Nothing therefore would seem more natural than to read your letter tomorrow to the academy, to congratulate you for producing something of this order. my first thought was to do just that. But I thought it would be better, to communicate it confidentially to only two of my colleagues, who, as witnesses, could back me up if required, in addition to the date as well as the postmark; and to put back the public announcement until next Monday the 1st of February, by which time your response would have had time to reach me with regards to what I am about to tell you. –
Mr Daguerre had Mr Arago announce that he had managed to obtain images, in the camera obscura, with an excessively short exposure, (which he says is of one second), to radiation emanating from objects. He gave no indication of the nature of his procedure, which he only communicated in secret to Mr Arago, without showing him, moreover, anything produced in this way. Here, Mr Daguerre is being urged, in the newspapers to explain his procedure publicly. I do not know if he will relent, and if he will be in a position to give in to these demands, having had no personal contact with him for a long time. But if he executes what he claims effectively, I am convinced that it will be by the more effective continuation of impressionability, made possible either by means of special types of radiation, as does Mr E. Becquerel, or through the action of a chemical reaction as you do.
However, if it turned out that he made his declaration before you, the discovery would belong to him scientifically, since it must always be attributed to the first to publish, when any element of communication or plagiarism is impossible. no doubt you will be left with the moral conscience of having also done it, and in the eyes of the scholars who know you personally, you will also be an inventor of it. but in the eyes of the public you can only lay claims to the title of second inventor, since your success comes later; and that is not unfair, since even people possessing only an imperfect procedure, or who did not yet have one, could always announce it, reserving for themselves the right to publish it at a later date.
That is why I beg you, both in your own interest and in that of the Sciences, not to lay open, in the desire for the perfection of details, the legitimate honour which should go to you for such a significant improvement on your first procedures. you will always be able to add to it later, after you have assured incontestable and public ownership for yourself; whereas you have nothing to gain in waiting, and you will only be forced to claim simultaneity in your work. If you agree with these reflections, may I have a decisive response from you between now and Monday 1st February. It should contain only the nature of your procedure, with some details like those enclosed in your last letter; and you will be guaranteed priority You will not be surprised, I hope, to see me labouring this point with you. I would say the same to Mr Daguerre, if I had the same relationship with him. And as far as national pride is concerned I find it so petty, and so mean, when it is mixed up with the progress of scientific discoveries, that I put it right out of the equation here. I wish with all my heart, to persuade you, and I will feel very happy if I can manage this.

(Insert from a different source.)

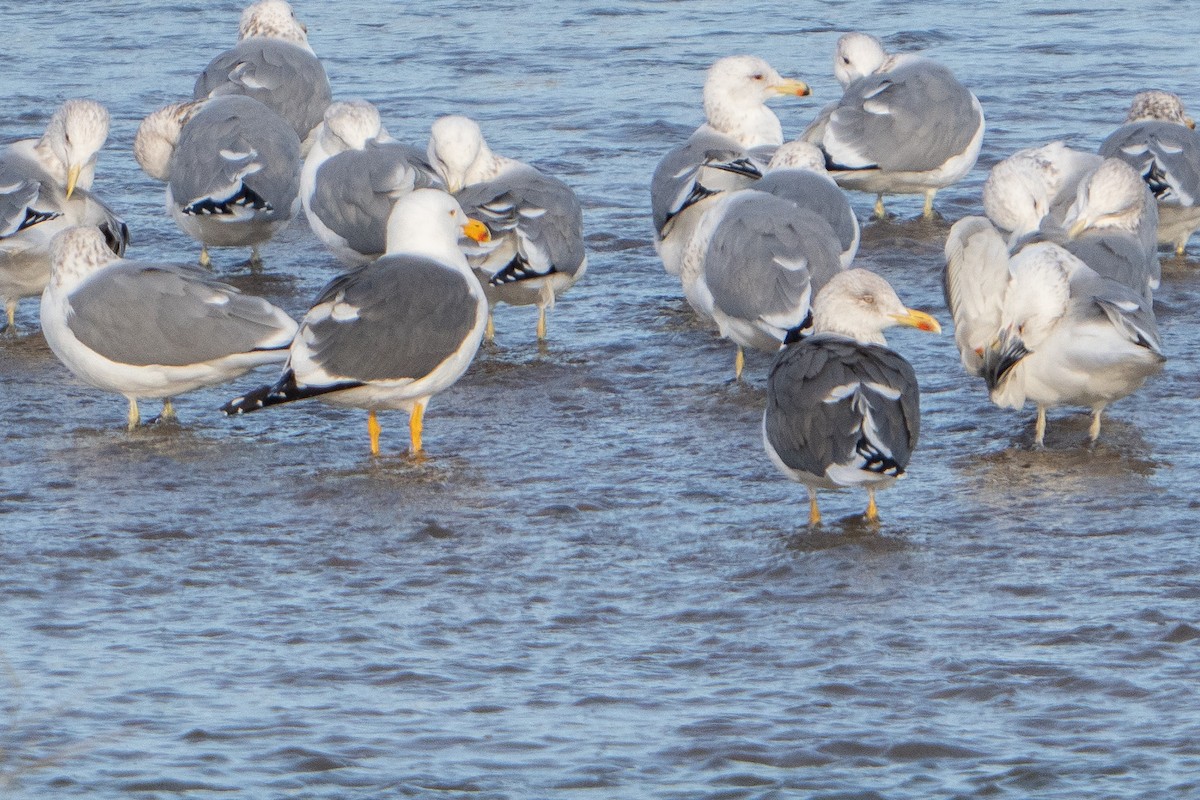 Yellow-footed Gull - David Anderson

Accept I beg you the expression of all my regards
J. B. Biot
To Sir
Mr H. F. Talbot, member of the
Royal Society of London etc. etc.
Lacock Abbey, chippenham Wilts
England
Notes:
1. Letter not located.
2. Alexandre Edmond Becquerel (1820–1891), physicist.
3. Dominique François Jean Arago (1786–1853), French physicist, astronomer & man of science, and Felix Savary (1797–1841), astronomer & man of science.
4. Philosophical Magazine.
5. Joseph Nicéphore Niépce (1765–1833), photographic inventor.
6. Louis Jacques Mandé Daguerre (1787–1851), French artist, showman & inventor.